Why the Next Education President Will Be Like Bush
My unassailable election prediction: The guy who wins Tuesday will be an education president. There is no way to avoid it. They all grab that title, whether they deserve it or not.
My similarly brilliant but more provocative prediction: If you like the education policies (JUST the education policies) of the current president, you will like the education policies of his successor, no matter which man is chosen. If you don't, you won't.
How can that be? Sens. John McCain (R-Ariz.) and Barack Obama (D-Ill.) seem to be very different people, with contrasting views of President Bush. But if you examine carefully what they say they want to do about schools, it is just more of the same.
To me, that's good. I am among the majority of Americans who support the thrust of the No Child Left Behind law. I might have problems with parts of it, but it is a useful bipartisan law and mostly makes sense. The leaders of both parties, and most Americans, want schools to be accountable to parents and voters. That cannot happen without the No Child Left Behind mandate to test students regularly, make results public and motivate lagging schools to get better.
Opinion polls indicate at least half of teachers don't like the law, but its political strength is obvious. Its political strength is obvious. I know of no major politician who has won an election campaigning against No Child Left Behind. Anyone who tries is going to hear this from every opponent: "Oh, so you DON'T want our schools to be accountable? We have to show progress at our jobs. Why shouldn't our kids' teachers do the same?"
The two candidates do differ on vouchers. McCain supports these tax-funded scholarships for students who want to attend private school. Obama does not. But that issue is going nowhere. Voters may someday embrace the idea, but so far it usually loses on state ballots. Both candidates know that.
That is not to say that the two candidates, and their education advisers, don't have interesting ideas about improving schools. The Education Week Web site edweek.org (bias alert: I am on their board) has the webcast and transcript of a recent debate at Columbia University Teachers College between Obama adviser Linda Darling-Hammond and McCain adviser Lisa Graham Keegan. Darling-Hammond, an influential Stanford professor who has been creating new schools, talked of expanding preschools, developing better tests and studying what has worked for teachers in other developed countries. Keegan, a former Arizona superintendent of public instruction and a national policy expert, emphasized new ways to keep states from diluting standards, to raise teacher recruitment to a new level and to change school cultures.

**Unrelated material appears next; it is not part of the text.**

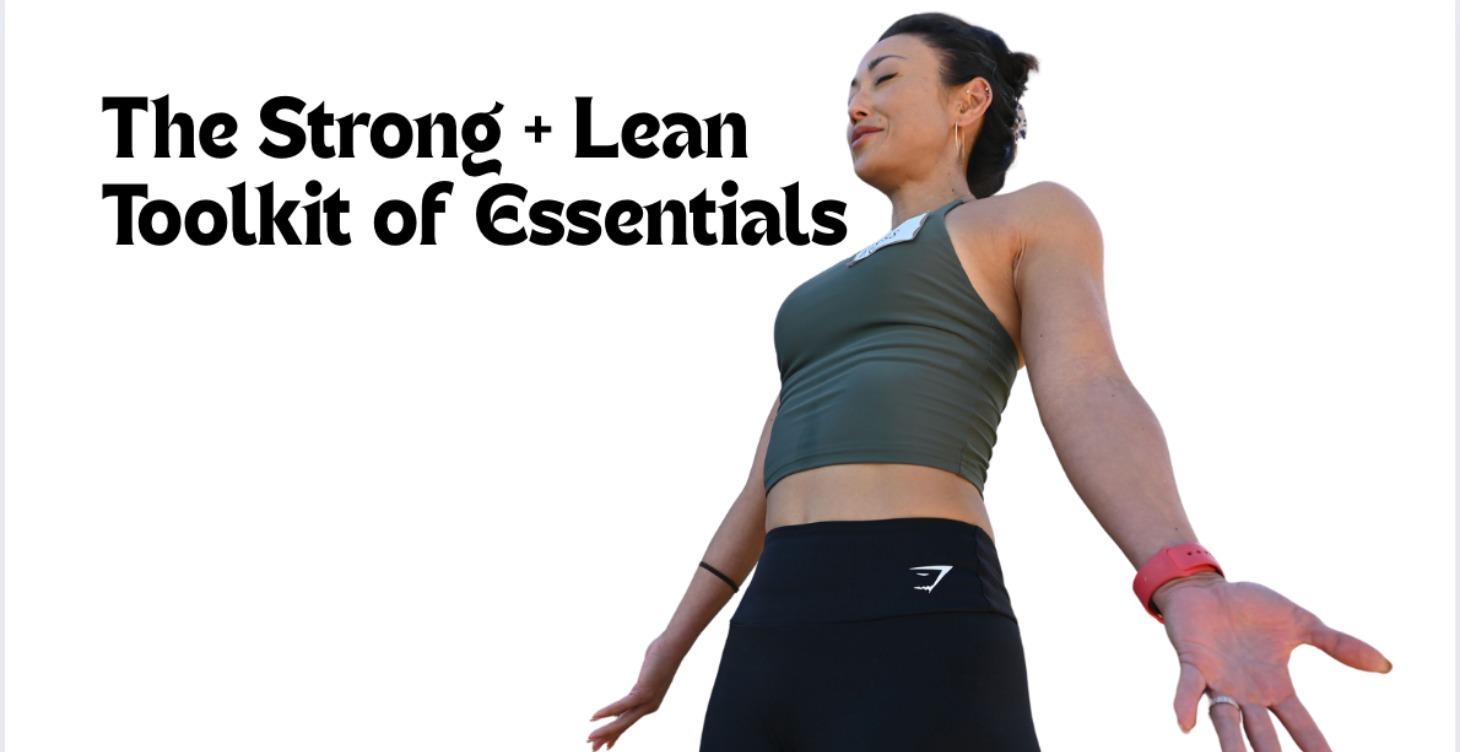 Get Strong + Lean(Fat Loss Phase)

But their similarities in the debate outweighed their differences. Both favored shifting our state tests to what is called a value-added model. That means instead of reporting how average test scores for this year's fifth grade compared with last year's fifth grade, tests would track how much each individual student improved from one year to the next. This makes sense, because everyone agrees we should focus on the progress of each child. I only wish the two advisers had been asked about a farsighted story by Edweek reporter Stephen Sawchuk revealing that, in some states, legislators supported by teacher unions have barred any use of those individual progress reports in assessing teachers.

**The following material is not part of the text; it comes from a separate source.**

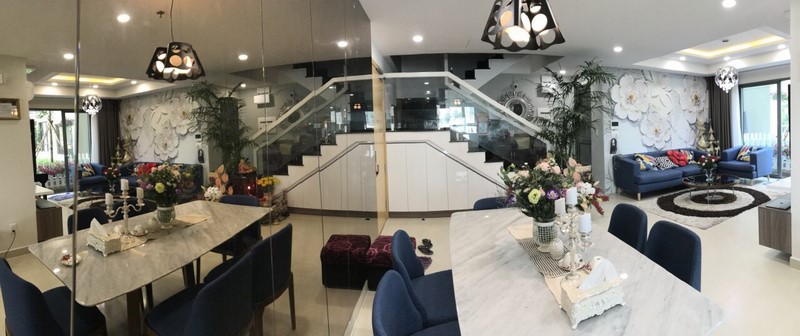 Luxurious duplex apartment in Masteri Thao Dien, Thao Dien area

The campaigns seem to be adopting each other's ideas. Darling-Hammond was for years the most prominent national critic of the Teach for America program, which places bright college graduates in urban and rural classrooms after just a summer of training. She argued that the TFA corps members were not prepared to teach children already struggling with their lessons. She pointed out that corps members committed to serve only two years and on average did little better than non-TFA teachers in that short period of time. And, of course, the program became popular with Republicans.
But in the 18 years since it was born, Teach for America has recruited some exceptional teaching talents who have become successful school leaders and caught Obama's eye. At the debate, Darling-Hammond was at least partly transformed into a TFA fan. She said her candidate "is in favor of recruiting academically able people. He appreciates the Teach for America recruits that come in and teach where needed."
Keegan similarly leaned in the Democrats' direction by putting more emphasis on the importance of charter schools -- independent public schools run with taxpayer money -- than the vouchers that the GOP loves. Both parties now like charter schools, and Keegan was instrumental in Arizona's becoming one of the most charter-friendly states in the country.
Many people do not like charters. Many people do not like No Child Left Behind. Many people do not like the idea of the federal government setting higher school standards for everybody. Many people do not like Bush's education program. They would prefer that states and localities make all important school decisions, that children be assessed by well-chosen and well-paid teachers rather than test scores and that tax dollars be spent just on regular public schools.
They make good arguments for their side in this debate, but the next education president is not listening to them. In future campaigns, they are going to have to work very hard to find any national leader who will.